+++ Given information +++

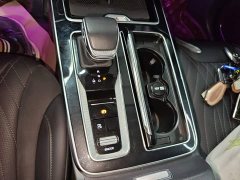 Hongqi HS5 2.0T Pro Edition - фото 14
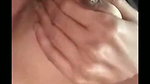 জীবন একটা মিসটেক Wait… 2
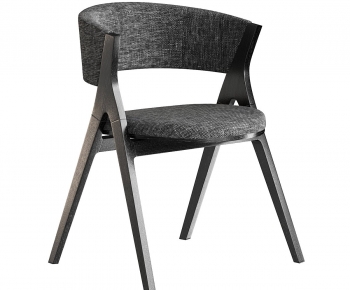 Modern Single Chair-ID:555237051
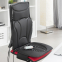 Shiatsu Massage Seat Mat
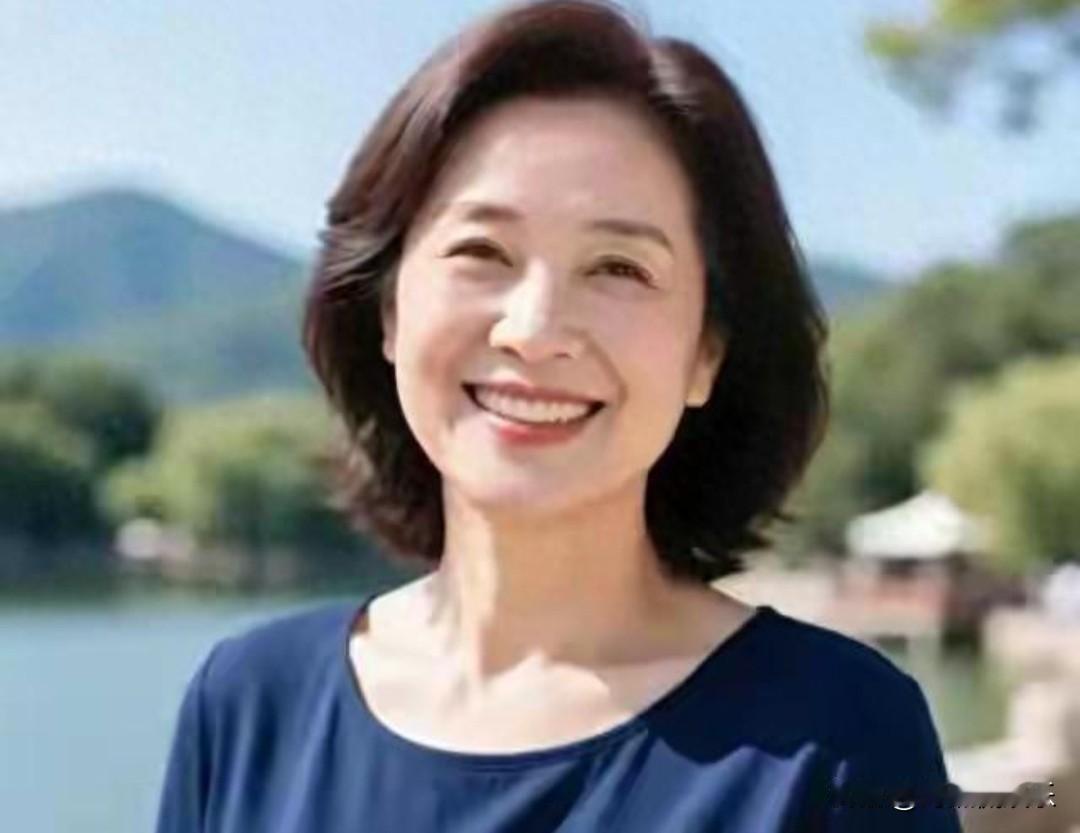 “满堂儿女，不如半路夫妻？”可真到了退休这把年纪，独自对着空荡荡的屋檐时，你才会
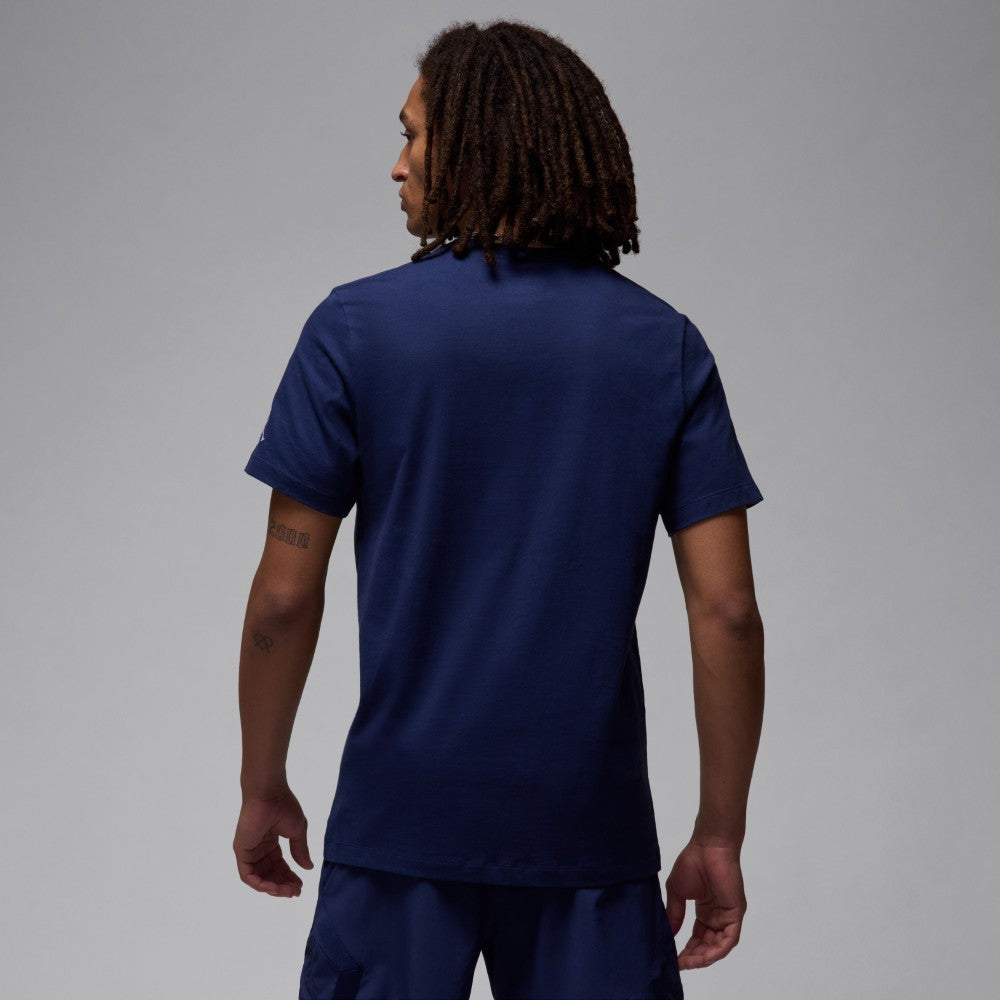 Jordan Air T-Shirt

+++

Exercise aim: Your reply should repeat the entries above exactly, leaving the pictures out.

Worked solution:
 Hongqi HS5 2.0T Pro Edition - фото 14
 জীবন একটা মিসটেক Wait… 2
 Modern Single Chair-ID:555237051
 Shiatsu Massage Seat Mat
 “满堂儿女，不如半路夫妻？”可真到了退休这把年纪，独自对着空荡荡的屋檐时，你才会
 Jordan Air T-Shirt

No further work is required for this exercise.